Dismiss Notice
Join Physics Forums Today!
The friendliest, high quality science and math community on the planet! Everyone who loves science is here!

How many symmetric relations?

  1. May 9, 2010 #1
    Hi.

    Let A = 1,2,3,4,5,6,7
    How many symmetric relations on A contain exactly (a) four ordered pairs, (b) 5 , (c) seven and (d) eight

    The book has solutions to the first two, which I didn't understand at all.

    Please look the pic below
    scymv4.png

    Can someone guide me through how to approach the problem?

    Thanks
     
  2. jcsd
  3. May 11, 2010 #2
    You can imagine any relation a a table with 7 rows and 7 columns, where you indicate in each position whether the corresponding elements belong to the relation. (This is basically the same as working with the graph of this relation.)

    A relation is symmetric if and only if this graph/table is symmetric with respect to the main diagonal. Hence, a symmetric relation is uniquely determined by the pairs on and above the main diagonal.
    You have 7 positions on diagonal and 21=6+5+4+3+2+1 positions above the diagonal.
    If you put a elements above the diagonal, then there are also a elements bellow it, by the symmetry.

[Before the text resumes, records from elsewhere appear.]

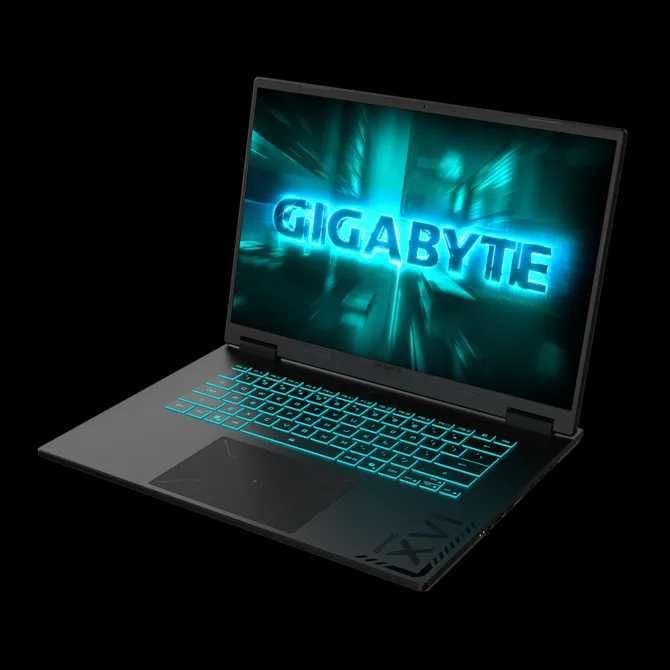 Gigabyte Gaming A16 16.0" FHD IPS I7-13620H 16GB 512GB 6GB RTX 4050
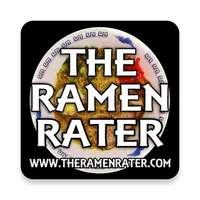 The Ramen Rater icon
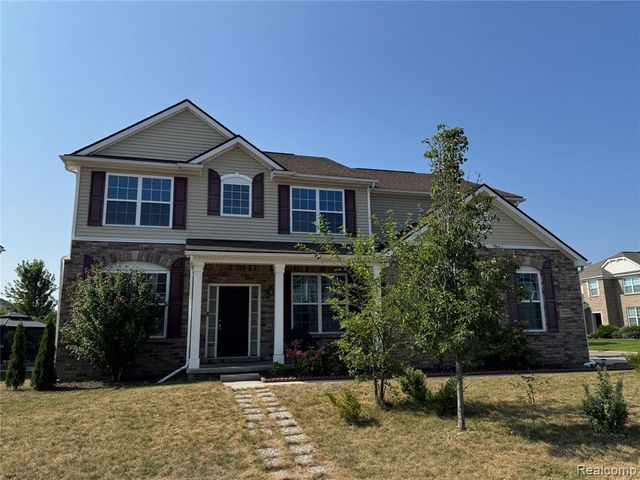 7722 Ryder, Utica, MI 48317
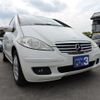 mercedes-benz a-class 2008 GOO_JP_700054078630250516002 image 15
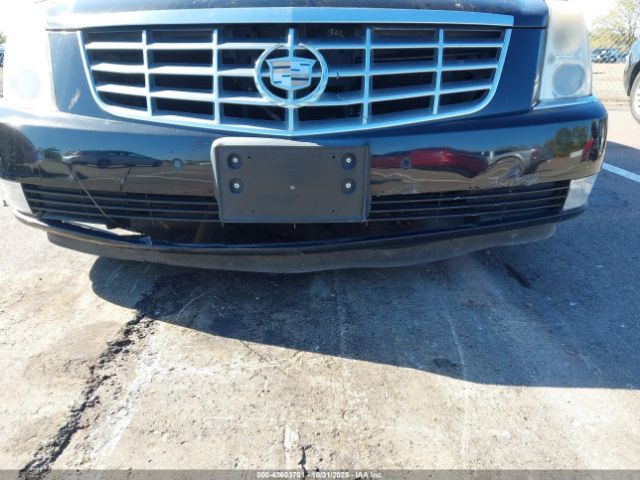 2007 CADILLAC DTS 1G6KD57Y97U196788 Photo 5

So, by putting a elements above the diagonal and b elements on the diagonal, you obtain a relation consisting of 2a+b pairs.

    Now, if you want to have 4 elements you have these possibilities:
    all 4 elements are on the diagonal [tex]\binom{7}{4}[/tex];
    2 elements on the diagonal and 1 above it [tex]\binom72\binom{21}1[/tex];
    no element on the diagonal and 2 above it [tex]\binom{21}2[/tex].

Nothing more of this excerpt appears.